Researchers in the Epilepsy Genetics Program at KNC are working to better understand the genes associated with epilepsy. This group has already identified one gene responsible for adult-onset neuronal ceroid lipofuscinosis, a fatal form of autosomal recessive epilepsy.​

F​unctional neuroimaging
Currently, there are no reliable tests that can predict how a patient's memory network might be affected by surgery to treat their seizures. Researchers are looking at functional neuroimaging – the imaging technology that measures an aspect of brain function – as a non-invasive way to characterize memory networks.
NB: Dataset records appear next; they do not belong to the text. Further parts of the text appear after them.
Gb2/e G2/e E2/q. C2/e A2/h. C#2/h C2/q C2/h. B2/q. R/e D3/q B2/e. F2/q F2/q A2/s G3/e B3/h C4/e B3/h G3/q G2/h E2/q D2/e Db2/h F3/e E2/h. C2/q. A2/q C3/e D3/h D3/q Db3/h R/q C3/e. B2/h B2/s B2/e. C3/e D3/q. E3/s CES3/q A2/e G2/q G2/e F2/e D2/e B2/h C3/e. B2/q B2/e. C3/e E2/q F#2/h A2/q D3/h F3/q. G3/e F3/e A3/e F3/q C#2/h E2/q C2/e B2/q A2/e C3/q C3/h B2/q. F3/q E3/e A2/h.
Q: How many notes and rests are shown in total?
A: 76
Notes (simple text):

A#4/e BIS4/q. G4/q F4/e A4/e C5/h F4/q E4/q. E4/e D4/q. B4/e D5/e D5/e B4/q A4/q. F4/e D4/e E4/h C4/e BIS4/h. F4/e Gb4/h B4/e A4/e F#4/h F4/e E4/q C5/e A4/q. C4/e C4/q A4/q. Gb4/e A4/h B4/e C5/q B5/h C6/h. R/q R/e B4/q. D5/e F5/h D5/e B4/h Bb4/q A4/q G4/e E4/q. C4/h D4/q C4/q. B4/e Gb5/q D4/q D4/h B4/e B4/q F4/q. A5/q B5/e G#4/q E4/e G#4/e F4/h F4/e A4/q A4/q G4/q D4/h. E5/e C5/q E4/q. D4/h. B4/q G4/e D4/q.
Improved mapping of these networks, in this case using MRI, can refine surgical practices to have less effect on a patient's memory.

Clinical trials
Approximately 15 per cent of epilepsy patients can't be treated with medication. This leaves many people without any options. However, patients can enrol in clinical trials to test the efficacy of new drugs that could potentially help them.

Studies at KNC are actively testing new drugs to determine whether they might offer better seizure control, have fewer side effects, or be more effective for other variations of the disorder.

Clinical neurophysiology
When patients are admitted to the EMU to have their seizures monitored, the patterns of their seizures can be affected by being in a new, stressful environment.

The team at KNC has developed a headset for seizures so that a patient can have their EEG readings monitored while they're at home. Allowing patients to be monitored at home not only means less alteration of their seizure patterns, but is also a way to increase the number of patients the EMU monitors especially for those living outside of Toronto.

Clinical neurophysiology

Magnetoencephalography (MEG) and EEG are noninvasive imaging techniques for examining exactly where in the brain the electrical activity that causes seizures is located. Researchers are using these techniques to study how seizures spontaneously start and stop, with the hope of discovering changes in the electric and magnetic fields that might predict seizures before they occur.

Eventually, it is hoped this research will lead to better understanding of the how seizures arise and to better, safer ways to investigate and treat epilepsy.